Essays on Institutions and Economic Growth in Developing Countries
thesisposted on 01.06.2012, 12:56 by Mahyudin Bin Ahmad
This thesis focuses on the institutions-growth nexus in the developing countries from East Asia, Africa and Latin America. It comprises of three distinct chapters with specific interests. The first chapter investigates unique economic development of the East Asian countries in the past two decades which is, to my knowledge, still lacking empirical study particularly for the period after the Asian financial crisis. The second chapter explains the growth-effect of social capital (informal institutions) and the channel of the effect using panel data analysis which hitherto has been very limited in the literature. Finally, the third chapter tests spatial spillover effect of institutions towards growth by utilizing an unconventional weight matrix based on institutional distance, arguably the first of its kind. In general, this thesis finds empirical support for the hypothesis “institutions matter” for growth in the developing countries being studied. The first chapter finds evidence that institutions determine growth via the factor productivity channel.
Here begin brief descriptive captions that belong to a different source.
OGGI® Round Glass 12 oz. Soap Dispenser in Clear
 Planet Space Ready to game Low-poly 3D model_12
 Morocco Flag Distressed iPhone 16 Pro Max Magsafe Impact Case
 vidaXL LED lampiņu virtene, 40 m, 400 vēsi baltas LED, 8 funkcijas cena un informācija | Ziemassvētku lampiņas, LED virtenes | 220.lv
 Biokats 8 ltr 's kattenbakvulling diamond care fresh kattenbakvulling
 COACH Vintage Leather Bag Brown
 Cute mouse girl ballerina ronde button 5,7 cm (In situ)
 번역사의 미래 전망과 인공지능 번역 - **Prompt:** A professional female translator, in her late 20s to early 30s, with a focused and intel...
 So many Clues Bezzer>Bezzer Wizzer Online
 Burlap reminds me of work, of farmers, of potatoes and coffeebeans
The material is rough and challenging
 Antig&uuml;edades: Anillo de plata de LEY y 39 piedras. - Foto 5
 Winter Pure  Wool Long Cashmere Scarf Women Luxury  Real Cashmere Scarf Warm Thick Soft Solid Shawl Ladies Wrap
In all developing countries, secure property rights and bureaucratic efficiency affect growth significantly, whereas in the East Asian countries, political institutions, in addition to both qualities, also do. During the period of high growth in the East Asian region, secure property rights and autocratic government are found to strongly determine growth, but in the post-crisis period no clear evidence on the institutional importance. The second chapter shows that the generalized trust variable widely used to reflect social capital is not suitable in panel analysis. Using alternative measures of social capital, however, this chapter finds empirical evidence that social capital significantly determines growth in developing countries, and its indirect effect running via the property rights channel is essentially larger than its direct effect. The third chapter finds that institutions spatially affect growth via an indirect route, i.e. good institutions in a country lead to economic improvement in that country and generate effects on the neighboring countries’ growth. This chapter also shows that countries with similar political institutional settings have an increased spatial dependence and converge to similar levels of growth.